Final answer:
In a parallel circuit, each resistor experiences the same voltage, the total current is divided among branches, and the overall resistance is lower than any individual resistance. The current is larger for each device compared to series connection, and Kirchhoff's laws can be used to analyze complex circuits.
Step-by-step explanation:
When dealing with a parallel circuit with more than one load, there are specific characteristics for voltage, amperage (current), and resistance that are important to understand. First, each resistor in a parallel circuit has the same full voltage of the source applied to it. This ensures that devices operate independently and are supplied with consistent voltage. Secondly, in a parallel circuit, the total current is divided among the various branches.

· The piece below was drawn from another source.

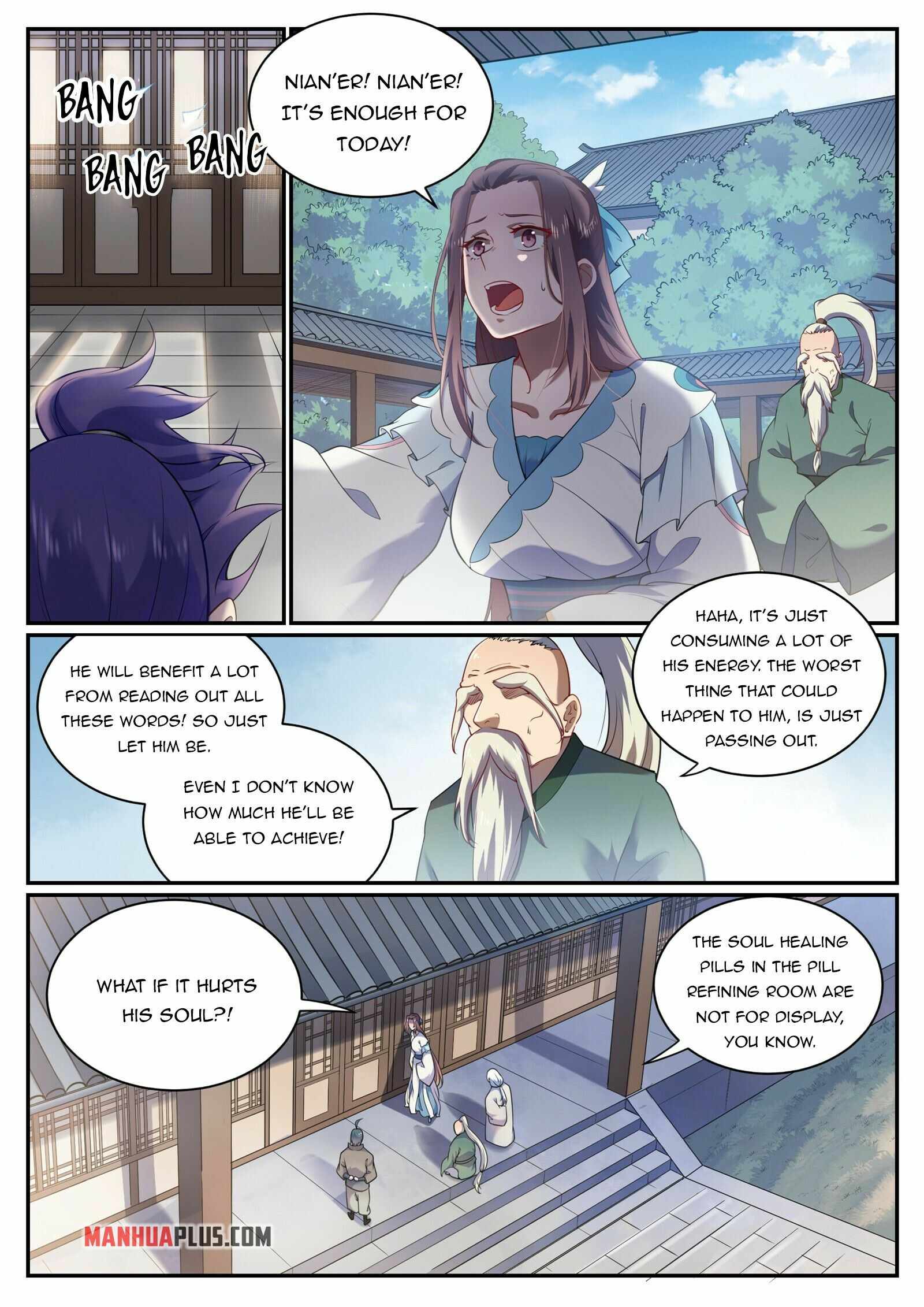 Apotheosis - chapter-933 - Page 2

The current for each device is typically larger than if the devices were connected in series. This means most devices in parallel connections can draw the current they need without affecting the current available to other devices. As for resistance, the total resistance in a parallel circuit is lower than any single resistance. This is because the addition of more parallel branches provides more paths for the current to flow, effectively reducing the overall resistance.
The formula for calculating the total resistance in parallel requires taking the reciprocal of the sum of the reciprocals of each individual resistance. The behavior of currents and voltages in a circuit with parallel connections is further detailed by Kirchhoff's laws, which include the loop rule that could be used to analyze complex circuits with internal battery resistance or nonohmic resistors.